**Task prompt**. Every entry is to be set down a second time, precisely as written.

**Extracted entries**.

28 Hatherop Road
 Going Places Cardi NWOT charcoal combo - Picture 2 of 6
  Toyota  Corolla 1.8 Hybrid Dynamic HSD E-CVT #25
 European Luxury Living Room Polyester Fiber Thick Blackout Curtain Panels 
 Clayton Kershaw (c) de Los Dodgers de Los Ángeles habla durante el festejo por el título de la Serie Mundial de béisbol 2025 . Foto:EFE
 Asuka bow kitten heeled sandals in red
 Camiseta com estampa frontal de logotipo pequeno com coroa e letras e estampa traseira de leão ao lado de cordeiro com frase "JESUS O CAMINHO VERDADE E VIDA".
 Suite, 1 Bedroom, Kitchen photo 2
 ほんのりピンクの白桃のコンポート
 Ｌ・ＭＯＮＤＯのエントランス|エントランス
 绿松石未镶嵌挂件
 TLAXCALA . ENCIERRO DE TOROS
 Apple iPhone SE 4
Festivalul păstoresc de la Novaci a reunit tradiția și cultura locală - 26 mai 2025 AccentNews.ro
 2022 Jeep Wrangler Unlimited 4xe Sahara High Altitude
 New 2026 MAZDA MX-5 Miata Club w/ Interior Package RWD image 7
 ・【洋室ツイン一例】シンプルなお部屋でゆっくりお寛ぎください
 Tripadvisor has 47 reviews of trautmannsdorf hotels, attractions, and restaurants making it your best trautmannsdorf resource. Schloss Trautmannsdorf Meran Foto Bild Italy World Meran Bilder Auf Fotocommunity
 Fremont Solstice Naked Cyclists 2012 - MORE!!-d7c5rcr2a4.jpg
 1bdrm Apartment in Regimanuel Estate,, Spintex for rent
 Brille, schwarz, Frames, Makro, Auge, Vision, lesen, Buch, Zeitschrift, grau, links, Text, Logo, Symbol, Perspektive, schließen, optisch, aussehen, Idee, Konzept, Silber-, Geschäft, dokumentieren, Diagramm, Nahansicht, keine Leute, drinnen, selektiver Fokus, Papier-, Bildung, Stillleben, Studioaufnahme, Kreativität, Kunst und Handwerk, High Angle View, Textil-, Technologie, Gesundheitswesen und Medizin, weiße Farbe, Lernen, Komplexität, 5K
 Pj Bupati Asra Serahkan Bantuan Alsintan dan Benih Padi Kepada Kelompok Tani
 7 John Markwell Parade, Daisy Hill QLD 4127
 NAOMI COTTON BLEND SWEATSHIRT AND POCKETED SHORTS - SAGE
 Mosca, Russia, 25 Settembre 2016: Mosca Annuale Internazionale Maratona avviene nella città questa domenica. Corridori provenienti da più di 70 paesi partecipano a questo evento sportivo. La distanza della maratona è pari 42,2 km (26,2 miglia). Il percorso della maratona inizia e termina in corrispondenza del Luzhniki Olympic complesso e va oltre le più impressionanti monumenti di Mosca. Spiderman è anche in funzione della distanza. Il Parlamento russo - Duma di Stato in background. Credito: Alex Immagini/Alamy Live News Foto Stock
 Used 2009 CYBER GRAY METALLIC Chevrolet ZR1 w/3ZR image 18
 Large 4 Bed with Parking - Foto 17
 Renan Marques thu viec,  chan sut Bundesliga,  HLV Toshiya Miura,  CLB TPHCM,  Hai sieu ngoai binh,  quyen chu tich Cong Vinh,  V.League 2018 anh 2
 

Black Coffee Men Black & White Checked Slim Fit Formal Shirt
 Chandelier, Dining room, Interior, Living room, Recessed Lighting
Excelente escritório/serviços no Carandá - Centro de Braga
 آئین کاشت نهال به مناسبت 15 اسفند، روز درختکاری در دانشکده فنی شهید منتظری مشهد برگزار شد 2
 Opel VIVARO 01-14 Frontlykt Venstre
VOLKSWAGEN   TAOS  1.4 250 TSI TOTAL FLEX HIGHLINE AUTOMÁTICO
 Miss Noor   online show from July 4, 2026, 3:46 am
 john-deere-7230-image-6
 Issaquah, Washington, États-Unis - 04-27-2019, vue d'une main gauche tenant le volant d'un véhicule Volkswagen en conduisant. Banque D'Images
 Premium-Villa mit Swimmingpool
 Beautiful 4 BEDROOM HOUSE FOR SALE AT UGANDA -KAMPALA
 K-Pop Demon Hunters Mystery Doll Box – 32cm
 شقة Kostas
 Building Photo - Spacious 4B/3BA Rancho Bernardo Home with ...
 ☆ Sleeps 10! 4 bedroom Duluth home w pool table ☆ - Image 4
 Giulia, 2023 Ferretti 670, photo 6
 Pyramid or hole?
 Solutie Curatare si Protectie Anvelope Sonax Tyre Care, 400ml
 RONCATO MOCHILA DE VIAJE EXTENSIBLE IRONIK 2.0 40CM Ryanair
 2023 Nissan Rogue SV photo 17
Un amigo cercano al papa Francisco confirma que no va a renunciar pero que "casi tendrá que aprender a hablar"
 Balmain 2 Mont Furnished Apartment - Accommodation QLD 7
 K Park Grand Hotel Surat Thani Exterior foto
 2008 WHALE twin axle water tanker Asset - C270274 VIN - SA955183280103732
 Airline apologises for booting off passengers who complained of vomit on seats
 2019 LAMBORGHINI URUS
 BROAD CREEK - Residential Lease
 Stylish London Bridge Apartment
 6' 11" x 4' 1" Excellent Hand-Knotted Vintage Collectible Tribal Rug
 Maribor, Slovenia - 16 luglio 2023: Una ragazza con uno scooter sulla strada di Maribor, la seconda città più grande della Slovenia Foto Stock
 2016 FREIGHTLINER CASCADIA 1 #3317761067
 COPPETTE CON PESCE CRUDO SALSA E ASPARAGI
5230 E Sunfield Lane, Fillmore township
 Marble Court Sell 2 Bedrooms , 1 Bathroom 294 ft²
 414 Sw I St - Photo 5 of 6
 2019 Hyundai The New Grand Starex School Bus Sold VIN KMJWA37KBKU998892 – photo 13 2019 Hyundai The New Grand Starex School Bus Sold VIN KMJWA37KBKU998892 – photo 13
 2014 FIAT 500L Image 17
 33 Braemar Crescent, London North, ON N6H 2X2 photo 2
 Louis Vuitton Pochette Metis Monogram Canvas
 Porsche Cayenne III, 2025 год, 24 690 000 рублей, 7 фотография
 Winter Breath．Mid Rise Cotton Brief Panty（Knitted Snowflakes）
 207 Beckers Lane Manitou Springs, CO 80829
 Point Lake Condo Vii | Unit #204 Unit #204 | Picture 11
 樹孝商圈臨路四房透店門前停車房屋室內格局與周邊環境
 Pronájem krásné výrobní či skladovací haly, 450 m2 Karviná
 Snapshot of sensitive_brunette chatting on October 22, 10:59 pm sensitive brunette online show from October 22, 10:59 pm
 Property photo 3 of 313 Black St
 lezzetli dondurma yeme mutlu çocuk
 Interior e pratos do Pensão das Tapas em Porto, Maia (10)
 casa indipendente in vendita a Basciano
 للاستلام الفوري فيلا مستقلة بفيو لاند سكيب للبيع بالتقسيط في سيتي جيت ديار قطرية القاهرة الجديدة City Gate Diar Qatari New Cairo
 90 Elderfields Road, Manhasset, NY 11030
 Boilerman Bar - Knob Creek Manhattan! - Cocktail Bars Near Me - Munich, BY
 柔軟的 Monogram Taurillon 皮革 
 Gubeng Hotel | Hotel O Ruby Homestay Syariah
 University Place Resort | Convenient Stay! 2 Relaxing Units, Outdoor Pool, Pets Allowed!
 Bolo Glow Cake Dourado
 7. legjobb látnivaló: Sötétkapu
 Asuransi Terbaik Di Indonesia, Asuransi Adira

**Solution to this exercise**.
28 Hatherop Road
 Going Places Cardi NWOT charcoal combo - Picture 2 of 6
  Toyota  Corolla 1.8 Hybrid Dynamic HSD E-CVT #25
 European Luxury Living Room Polyester Fiber Thick Blackout Curtain Panels 
 Clayton Kershaw (c) de Los Dodgers de Los Ángeles habla durante el festejo por el título de la Serie Mundial de béisbol 2025 . Foto:EFE
 Asuka bow kitten heeled sandals in red
 Camiseta com estampa frontal de logotipo pequeno com coroa e letras e estampa traseira de leão ao lado de cordeiro com frase "JESUS O CAMINHO VERDADE E VIDA".
 Suite, 1 Bedroom, Kitchen photo 2
 ほんのりピンクの白桃のコンポート
 Ｌ・ＭＯＮＤＯのエントランス|エントランス
 绿松石未镶嵌挂件
 TLAXCALA . ENCIERRO DE TOROS
 Apple iPhone SE 4
Festivalul păstoresc de la Novaci a reunit tradiția și cultura locală - 26 mai 2025 AccentNews.ro
 2022 Jeep Wrangler Unlimited 4xe Sahara High Altitude
 New 2026 MAZDA MX-5 Miata Club w/ Interior Package RWD image 7
 ・【洋室ツイン一例】シンプルなお部屋でゆっくりお寛ぎください
 Tripadvisor has 47 reviews of trautmannsdorf hotels, attractions, and restaurants making it your best trautmannsdorf resource. Schloss Trautmannsdorf Meran Foto Bild Italy World Meran Bilder Auf Fotocommunity
 Fremont Solstice Naked Cyclists 2012 - MORE!!-d7c5rcr2a4.jpg
 1bdrm Apartment in Regimanuel Estate,, Spintex for rent
 Brille, schwarz, Frames, Makro, Auge, Vision, lesen, Buch, Zeitschrift, grau, links, Text, Logo, Symbol, Perspektive, schließen, optisch, aussehen, Idee, Konzept, Silber-, Geschäft, dokumentieren, Diagramm, Nahansicht, keine Leute, drinnen, selektiver Fokus, Papier-, Bildung, Stillleben, Studioaufnahme, Kreativität, Kunst und Handwerk, High Angle View, Textil-, Technologie, Gesundheitswesen und Medizin, weiße Farbe, Lernen, Komplexität, 5K
 Pj Bupati Asra Serahkan Bantuan Alsintan dan Benih Padi Kepada Kelompok Tani
 7 John Markwell Parade, Daisy Hill QLD 4127
 NAOMI COTTON BLEND SWEATSHIRT AND POCKETED SHORTS - SAGE
 Mosca, Russia, 25 Settembre 2016: Mosca Annuale Internazionale Maratona avviene nella città questa domenica. Corridori provenienti da più di 70 paesi partecipano a questo evento sportivo. La distanza della maratona è pari 42,2 km (26,2 miglia). Il percorso della maratona inizia e termina in corrispondenza del Luzhniki Olympic complesso e va oltre le più impressionanti monumenti di Mosca. Spiderman è anche in funzione della distanza. Il Parlamento russo - Duma di Stato in background. Credito: Alex Immagini/Alamy Live News Foto Stock
 Used 2009 CYBER GRAY METALLIC Chevrolet ZR1 w/3ZR image 18
 Large 4 Bed with Parking - Foto 17
 Renan Marques thu viec,  chan sut Bundesliga,  HLV Toshiya Miura,  CLB TPHCM,  Hai sieu ngoai binh,  quyen chu tich Cong Vinh,  V.League 2018 anh 2
 

Black Coffee Men Black & White Checked Slim Fit Formal Shirt
 Chandelier, Dining room, Interior, Living room, Recessed Lighting
Excelente escritório/serviços no Carandá - Centro de Braga
 آئین کاشت نهال به مناسبت 15 اسفند، روز درختکاری در دانشکده فنی شهید منتظری مشهد برگزار شد 2
 Opel VIVARO 01-14 Frontlykt Venstre
VOLKSWAGEN   TAOS  1.4 250 TSI TOTAL FLEX HIGHLINE AUTOMÁTICO
 Miss Noor   online show from July 4, 2026, 3:46 am
 john-deere-7230-image-6
 Issaquah, Washington, États-Unis - 04-27-2019, vue d'une main gauche tenant le volant d'un véhicule Volkswagen en conduisant. Banque D'Images
 Premium-Villa mit Swimmingpool
 Beautiful 4 BEDROOM HOUSE FOR SALE AT UGANDA -KAMPALA
 K-Pop Demon Hunters Mystery Doll Box – 32cm
 شقة Kostas
 Building Photo - Spacious 4B/3BA Rancho Bernardo Home with ...
 ☆ Sleeps 10! 4 bedroom Duluth home w pool table ☆ - Image 4
 Giulia, 2023 Ferretti 670, photo 6
 Pyramid or hole?
 Solutie Curatare si Protectie Anvelope Sonax Tyre Care, 400ml
 RONCATO MOCHILA DE VIAJE EXTENSIBLE IRONIK 2.0 40CM Ryanair
 2023 Nissan Rogue SV photo 17
Un amigo cercano al papa Francisco confirma que no va a renunciar pero que "casi tendrá que aprender a hablar"
 Balmain 2 Mont Furnished Apartment - Accommodation QLD 7
 K Park Grand Hotel Surat Thani Exterior foto
 2008 WHALE twin axle water tanker Asset - C270274 VIN - SA955183280103732
 Airline apologises for booting off passengers who complained of vomit on seats
 2019 LAMBORGHINI URUS
 BROAD CREEK - Residential Lease
 Stylish London Bridge Apartment
 6' 11" x 4' 1" Excellent Hand-Knotted Vintage Collectible Tribal Rug
 Maribor, Slovenia - 16 luglio 2023: Una ragazza con uno scooter sulla strada di Maribor, la seconda città più grande della Slovenia Foto Stock
 2016 FREIGHTLINER CASCADIA 1 #3317761067
 COPPETTE CON PESCE CRUDO SALSA E ASPARAGI
5230 E Sunfield Lane, Fillmore township
 Marble Court Sell 2 Bedrooms , 1 Bathroom 294 ft²
 414 Sw I St - Photo 5 of 6
 2019 Hyundai The New Grand Starex School Bus Sold VIN KMJWA37KBKU998892 – photo 13 2019 Hyundai The New Grand Starex School Bus Sold VIN KMJWA37KBKU998892 – photo 13
 2014 FIAT 500L Image 17
 33 Braemar Crescent, London North, ON N6H 2X2 photo 2
 Louis Vuitton Pochette Metis Monogram Canvas
 Porsche Cayenne III, 2025 год, 24 690 000 рублей, 7 фотография
 Winter Breath．Mid Rise Cotton Brief Panty（Knitted Snowflakes）
 207 Beckers Lane Manitou Springs, CO 80829
 Point Lake Condo Vii | Unit #204 Unit #204 | Picture 11
 樹孝商圈臨路四房透店門前停車房屋室內格局與周邊環境
 Pronájem krásné výrobní či skladovací haly, 450 m2 Karviná
 Snapshot of sensitive_brunette chatting on October 22, 10:59 pm sensitive brunette online show from October 22, 10:59 pm
 Property photo 3 of 313 Black St
 lezzetli dondurma yeme mutlu çocuk
 Interior e pratos do Pensão das Tapas em Porto, Maia (10)
 casa indipendente in vendita a Basciano
 للاستلام الفوري فيلا مستقلة بفيو لاند سكيب للبيع بالتقسيط في سيتي جيت ديار قطرية القاهرة الجديدة City Gate Diar Qatari New Cairo
 90 Elderfields Road, Manhasset, NY 11030
 Boilerman Bar - Knob Creek Manhattan! - Cocktail Bars Near Me - Munich, BY
 柔軟的 Monogram Taurillon 皮革 
 Gubeng Hotel | Hotel O Ruby Homestay Syariah
 University Place Resort | Convenient Stay! 2 Relaxing Units, Outdoor Pool, Pets Allowed!
 Bolo Glow Cake Dourado
 7. legjobb látnivaló: Sötétkapu
 Asuransi Terbaik Di Indonesia, Asuransi Adira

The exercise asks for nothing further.